Critiques

Interstellar : Marquant !

Cette fois ci, on y est. "Interstellar" est enfin en salle. Dire que ce film était attendu est un euphémisme. D'abord parce qu'il s'agit d'un film de Christopher Nolan et ensuite vous aurez sans doute remarquer les moyens marketing mis en œuvre. Qu'en est il au final ? Réponse.

Commençons par le commencement. Depuis plusieurs années, le nom de Christopher Nolan s'accompagne d'un certain aura. Sa trilogie sur l'homme chauve souris y a notamment contribué. Pour ceux qui ont de la mémoire on peut aussi citer "Inception", "Le Prestige" ou "Memento". Autant de films exigeants, avec des scénarios parfois complexe, qui ont donné une certaine renommée au réalisateur britannique. Qu'il soit apprécié ou dénigré, le réalisateur a toujours eu le mérite de donner une certaine envergure à ses films. Le plus souvent par des choix fort dans le scénario, la mise en scène, où le casting.

Avec "Interstellar", il fait là aussi des choix qui marquent bien sa signature. A commencer par la durée du film, avec près de 3 heures d'une aventure spatiale. Un thème qu'il n'avait encore jamais exploiter et il prend donc le temps de bien faire les choses. En premier lieu, il prend soin de ne pas faire de l'espace, un élément important du film. C'est en effet le premier choix majeur de Christopher Nolan. Privilégié l'humain à l'espace. Un certain film de Alfonso Cuaron est passé par là et ça se sent. Difficile de passer après la claque "Gravity" quand il s'agit de faire un film qui se passe dans l'espace. C'est donc sur un voyage humain que s'angle le scénario de "Interstellar". Le voyage d'un père qui doit partir dans l'espace pour essayer de trouver une nouvelle terre promise pour ses enfants.
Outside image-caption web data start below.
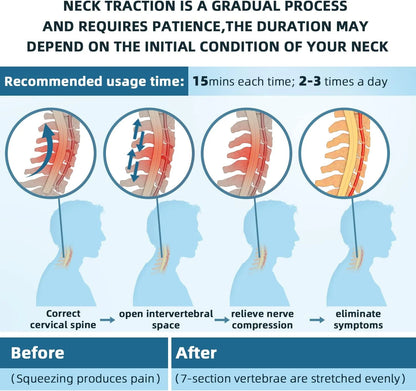 Theralimb Neck Stretcher - Theralimb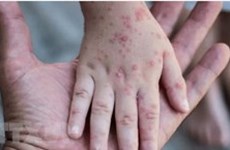 La Thaïlande confirme le premier cas féminin de monkeypox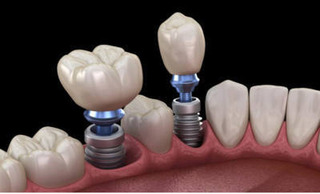 McClane Dentistry Stuart Florida - 4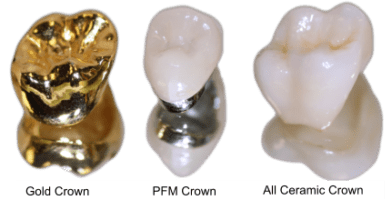 Types of Dental Crown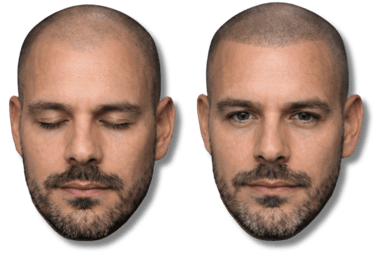 Before and after scalp micropigmentation treatment for male pattern baldness showing a restored hairline.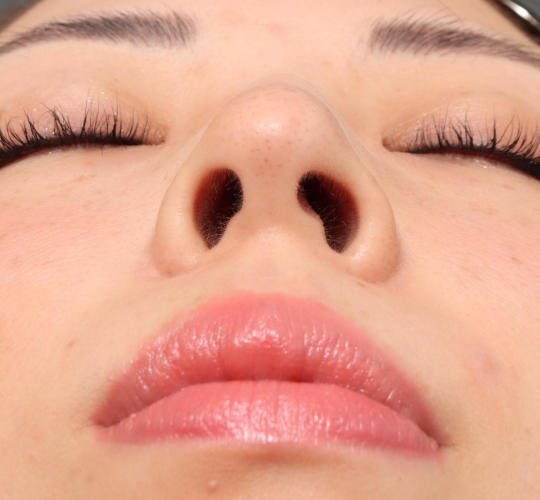 20代女性の顔の脂肪吸引  Before 症例写真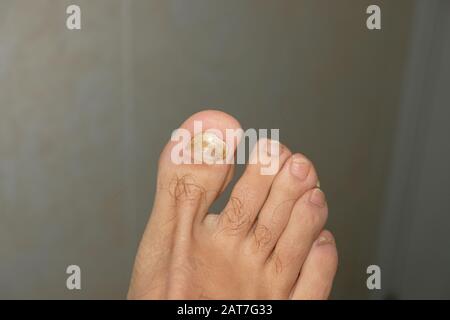 Junger Kerl barfuß Finger mit kranken Onycho Mykose Nägel, dermatologisch medizinisch Stockfoto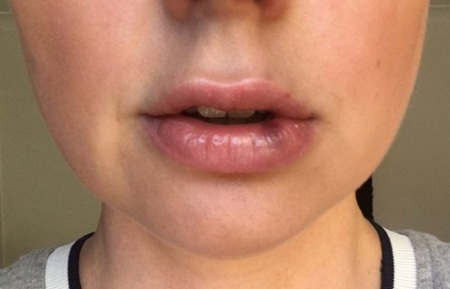 Cara membesarkan bibir dengan asid hyaluronik, botox, silikon, lipofilling, cheiloplasty. Hasil: sebelum dan selepas foto, harga, ulasan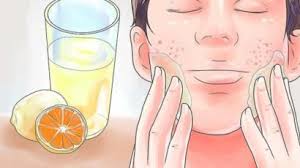 Okkey uolls,korang ade parut kat muke or badan korg tak??kalau ada boleh larr try petua nihh. Parut Jerawat Menganggu Anda Ini 6 Cara Untuk Menghilangkannya Nurraysa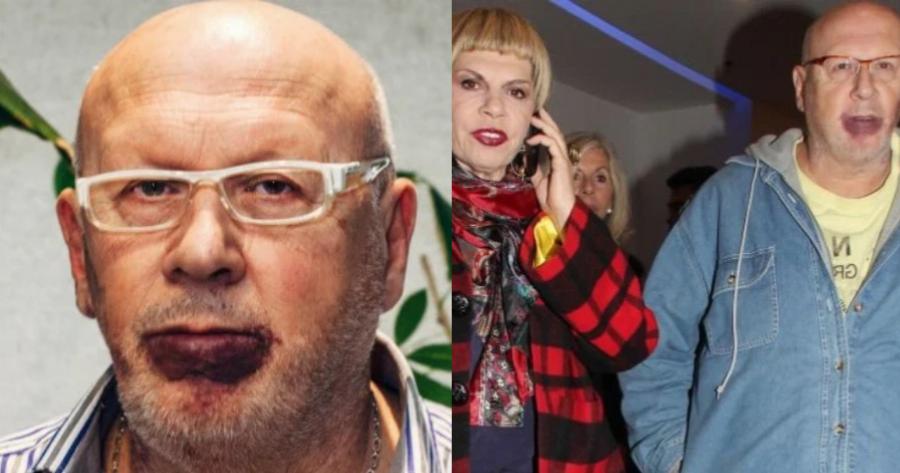 Λάκης Παπαδοπούλος: Ο Λάκης με τα ψηλά ρεβέρ, η μεγάλη καριέρα στη δισκογραφία, ο 23χρονος ζωγράφος γιος και το σημάδι στο πρόσωπο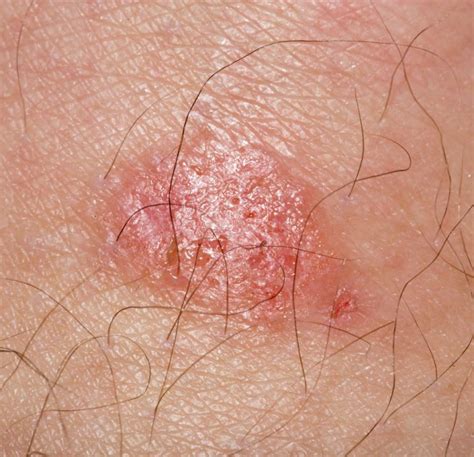 Causes Of Rash On Inner Thigh And Treatment Charlies Magazines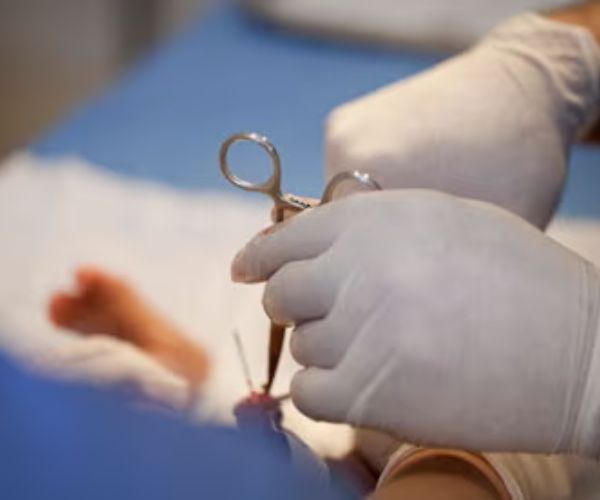 الختان الخاطئ لِلذُكور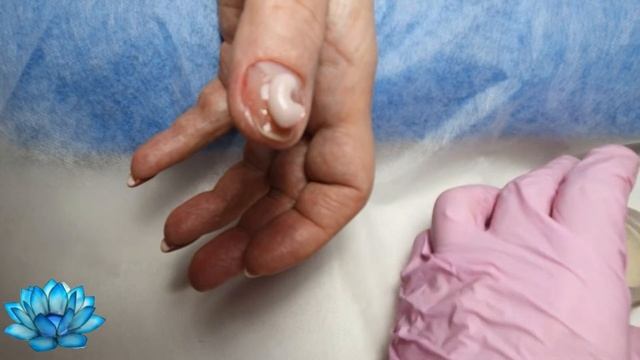 Точка вроста ногтя! Как восстановить. Ошибки в маникюре #10 смотреть онлайн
Si la science est forcément bien présente dans ce film, elle ne sert que comme faire valoir, comme instrument à l'expression de la nature humaine. Il ne faut donc pas s'attendre à du spectaculaire ou de l'héroïsme. La place est faite aux émotions. C'est ce qui se dégage le plus de ce long métrage. Christopher Nolan centre son récit sur ses personnages et leur évolution à travers les émotions. Si le pathos n'est parfois pas très loin, le spectateur n'est jamais pris en otage, il voyage à son gré en s'attachant aux personnages. A tel point qu'au final le destin de la terre s'oublie assez vite et l'on se préoccupe plus de ce père qui garde espoir alors que sa famille voient les années passées et leurs espoirs de redevenir une famille se réduire à néant.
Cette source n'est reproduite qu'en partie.